If you've ever wished your life had a soundtrack, you've come to the right place.

South By Southwest - SXSW for short - is one of the music industry's largest annual conventions and it's now in its 16th year. Hundreds of entertainment insiders come to Austin for five days each March to schmooze, attend panel discussions and lectures on topics from hearing loss to e-commerce to performance anxiety. A touch of celebrity annually infuses the potentially dry agenda; this year, Robbie Robertson of the Band gave a keynote address describing his myriad musical journeys and Courtney Love of Hole spoke about her tortured relationship with the industry.

But SXSW's biggest draw is a pop music lover's dream: nearly 1,000 artists and groups from all over the country - and others from as far away as Oslo and Melbourne - speed through town in a rapid-fire musical meat market that runs from Wednesday to Sunday. The Huntingtons, a band from Baltimore, were there this year. Industry insiders and music fans can scout tons of talent in a tight time period, and most bands play hard, hoping their Big Break is somewhere out in the smoky darkness.

By limiting bands to 45-minute sets and managing the schedule strictly, SXSW organizers have created an efficient place to sample either a wide variety of music or to mine a deep vein of a single genre. If German music turns out not to be your stein of beer, you're only a short walk or a cheap cab ride from electronica, hip-hop, alt-country or even Mexican metal rap.

The soundtrack continues in the daylight hours, when many of the artists play private parties, or on a stage in the SXSW Trade Show at the Austin Convention Center, or in record stores and restaurants around town, further multiplying chances for exposure. If you're not hearing live music at any given time, it's probably because you're taking a breather.

SXSW may sound like nirvana (if not always like Nirvana), and in many ways it is. But it's not perfect. For six of the last seven years, Austin venues have shrunk in size and number as crowds have swelled. This has exacerbated a longstanding tension between the mostly out-of-town industry conference participants, who pay hundreds of dollars for badges that provide preferred admission to all shows, and locals, who are invited to buy reasonably priced ($80) wristbands that guarantee admission to nothing.

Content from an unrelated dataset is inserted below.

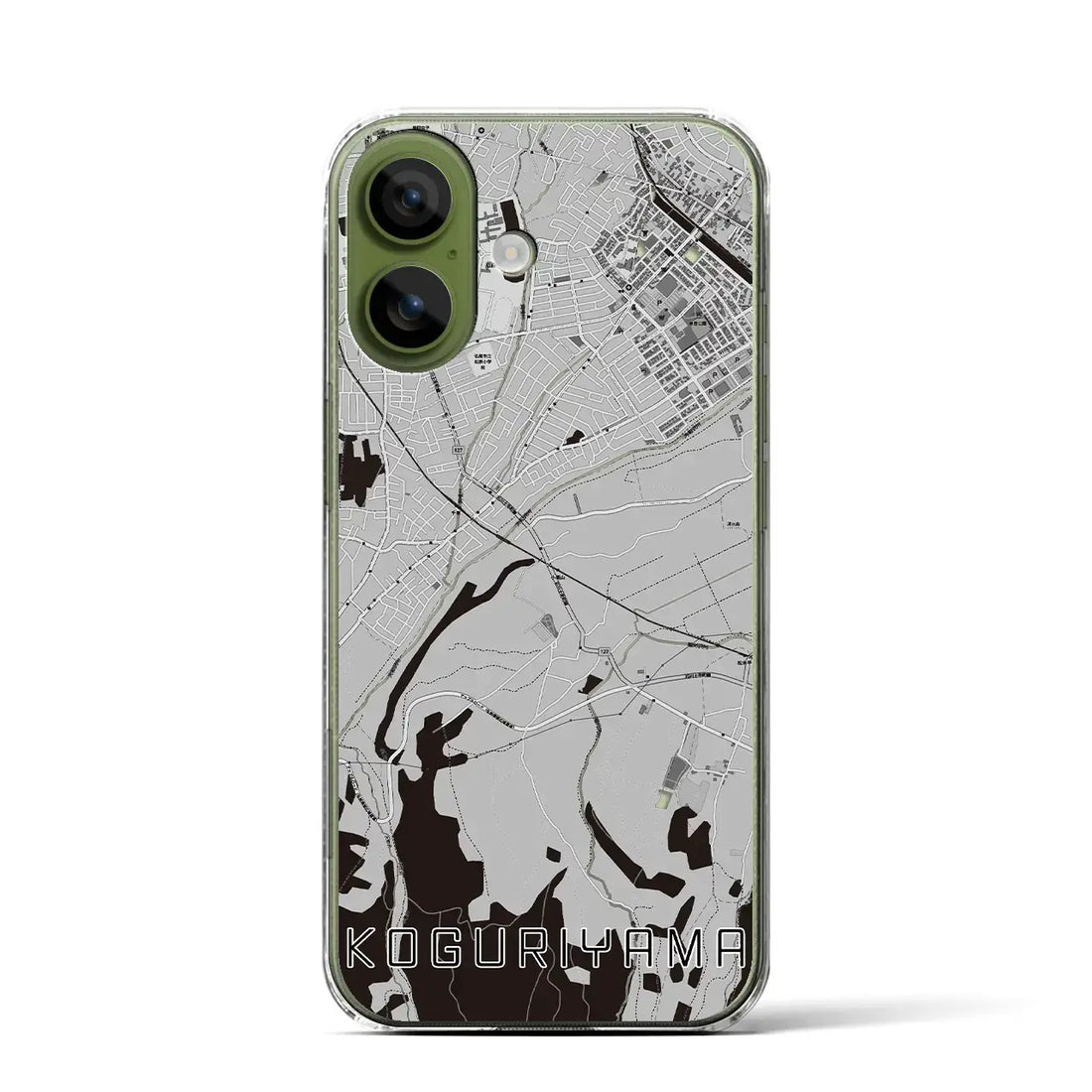 【小栗山(青森県)】地図柄iPhoneケース(クリアタイプ)モノトーン・iPhone 17 Pro Max 用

The caste system is most conspicuous at the shows with great buzz, like this year's sets by the Yeah Yeah Yeahs, Clinic, and the X-ecutioners; badge-wearers generally breeze in while wristband wearers slump against walls, hoping for a break.

As a result, un-badged fans often commit early to a venue where a favored act is playing. Sometimes this yields a surprise discovery among the preceding acts, but as often as not it means enduring one or more bands you'd never cross the street to hear, such as the mopey Hazeltines, described by a pal of mine as "Joni Mitchell wannabe soccer mom rock."

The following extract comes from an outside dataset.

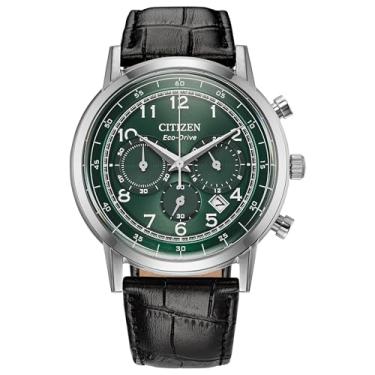 Imagem de Citizen Relógio clássico masculino Eco-Drive, pulseira de couro preto, mostrador verde, cronógrafo (modelo: CA4630-02X)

That said, this year held plenty of highlights, beginning with the two revitalizing Drive-By Truckers shows. Then there was Nashville band Bare Jr. After punishing a large outdoor crowd with loud, melodic, countrified rock for 40 minutes, they wrapped up with what became a 2002 leitmotif: the inspired cover.

They started by deconstructing the Cars' 1980s synth-pop hit "My Best Friend's Girl," then you began noticing the chords from the Who's "Baba O'Reilly" lurking in the chorus - and then the guitarists windmilled like Pete Townshend as they delivered one chestnut seamlessly within the other, grinning with subversive glee.

In a similar vein, the Yayhoos, an alt-country band fronted by ex-Georgia Satellite Dan Baird, offered a stripped-down version of ABBA's "Dancing Queen" that should convince any remaining doubters of the song's greatness. Likewise, an Austin band called Grand Champeen applied its power-pop chops to breathe new life into Mott The Hoople's "All The Young Dudes."